On the other hand, there are a considerable number of attempts in applying CNN object detection architectures on drone-based imagery system. Generally, the approaches proposed in literature can be categorised into three different application areas based on their purpose of use, namely, obstacle detection for ensuring safe-flying of the drones, creating DNN models for embedding within a drone’s hardware and object detection/recognition/localization for aerial monitoring and surveillance of large areas [26]. The latter category with wide application areas and considerable open research problems is the focus area of the research conducted in this research. Few attempts has been published to detect different objects in drone footage using CNNs based learning as in [27,28,29,30] and [31], etc. The binary classifiers for the detection of palm trees, as one of the objects in the designed multiclass detector, can be found in [32,33,34,35,36,37] and [37, 38] and [39]. For more details we refer the readers to [5]. Furthermore, there are a few researches discussed the animal detection as in [31, 40,41,42,43] and [4].

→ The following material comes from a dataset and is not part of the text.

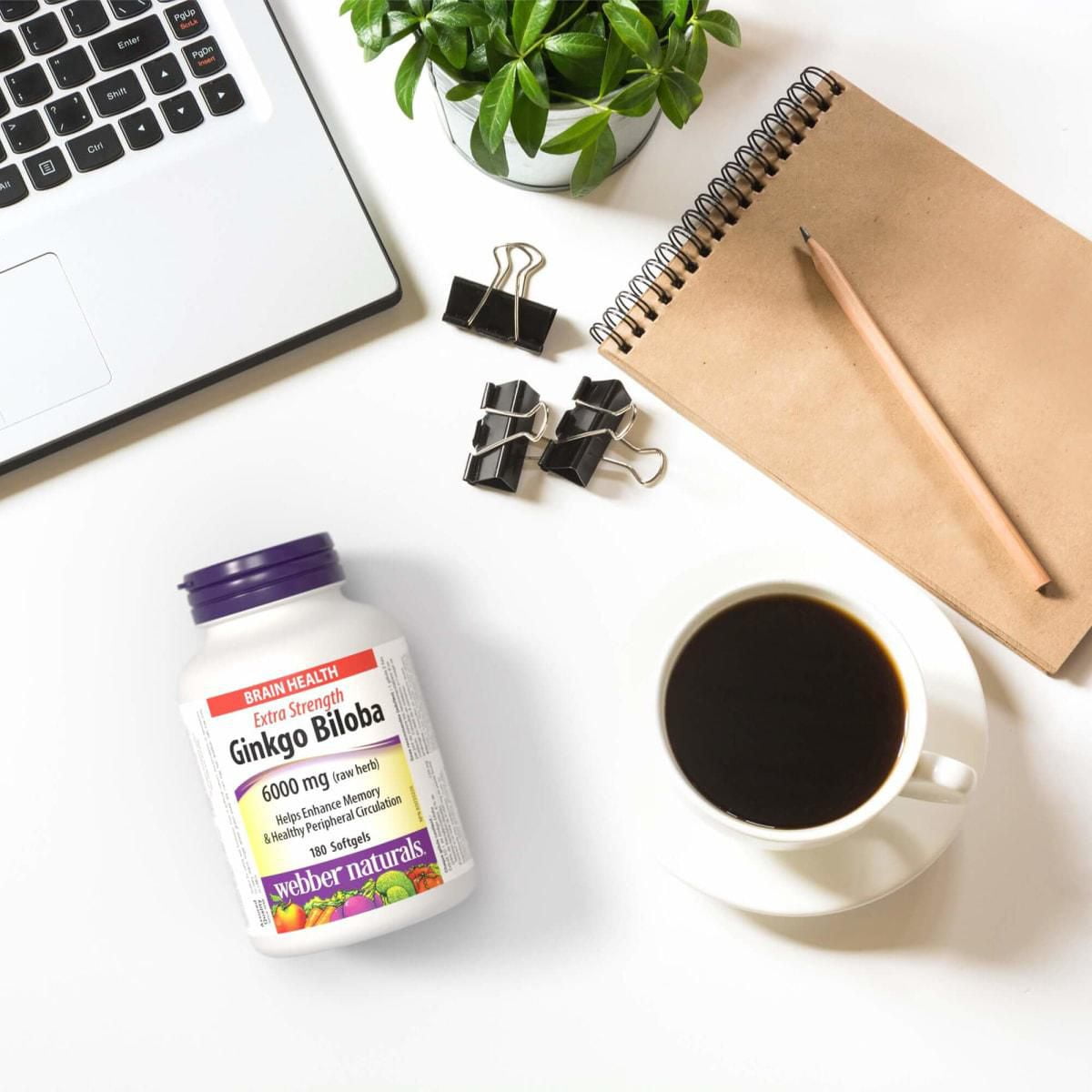 Webber Naturals Ginkgo Biloba  Extra Strength  6000 mg (raw herb)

Most previous work applied CNNs to detect objects of multiple classes as in [44] and [45] in applications related to the detection of obstacles in the flight path of a drone, thereby addressing the drone’s safe flying. In contrast analysing drone footage to detect and classify multiple objects is rarely studied. To the best of our knowledge, the few published attempts recovered via the literature review conducted are detailed below.

For infrastructure assessment and monitoring purposes of the electric power distribution industry, the authors in [29] proposed the detecting three different classes of objects using a single CNN, namely power lines/cables, pylons and insulators, from drone images, with the aim of automatic maintenance and insurance purposes. The authors investigated the use of the pre-trained CNN model GoogleLeNet and fine-tuned it with their dataset before they applied Spectral Clustering [46] for further improvement of the results obtained.

Moreover, automatic railway corridor monitoring and assessment by using DNNs on images captured by drones was proposed by [27]. The pre-trained GoogleLeNet architecture and an architecture proposed by the authors were re-trained and trained respectively to detect and classify five different classes of objects, namely, lines, ballast, anchors, sleepers and fasteners. It was shown that when using the novel architecture proposed the F-score reduced from 89% to 81% as compared to using GoogleLeNet at a ten-fold reduction of network parameters due to the simpler architecture of the proposed network. With a similar focus in mind, the authors of [47] minimised the number of convolutional layers of their proposed architecture and obtained significantly good results in multi-class object classification in the area of using robots in detecting threats in crises and emergency situations. Further, the authors in [48] discussed how integration of CNN technology can be addressed in small drones by applying transfer learning and saving only the last few layers of the CNN to enable embedding the system into a drone’s cameras for autonomous flight.

To conclude, there is no previous attempts of investigating the applicability of CNNs in detecting objects in drone-based imagery system with the specification given in this research dataset as shown in Sect. 3. This research reveals the significant of the number of convolutional layers, pooling type in the pooling layer, learning rate and the optimization method in improving the multi-class detector in drone-based images which is the main contribution of this research.

3 Dataset Configuration

The research dataset comprises of 221, large aerial view images of size 5472 × 3648 pixels, captured by a drone. An example of such an image is illustrated in Fig. 1. However, for the purpose of conducting the research proposed in this paper, three objects have been labelled: ‘palm trees’, sheds and ‘group-of-animals’. The labelled data that consists of the above three classes, will then be used for training the multi-class object detector. The combined dataset consists of 900 images of size 416 × 416. This dataset has 1753, 3300 and 3420 bounding boxes for the palm tree, group of animals and sheds respectively.

Fig. 1.
figure 1

A sample of the drone-based desert image dataset [3]; image dimensions, 5472 × 3648 pixels.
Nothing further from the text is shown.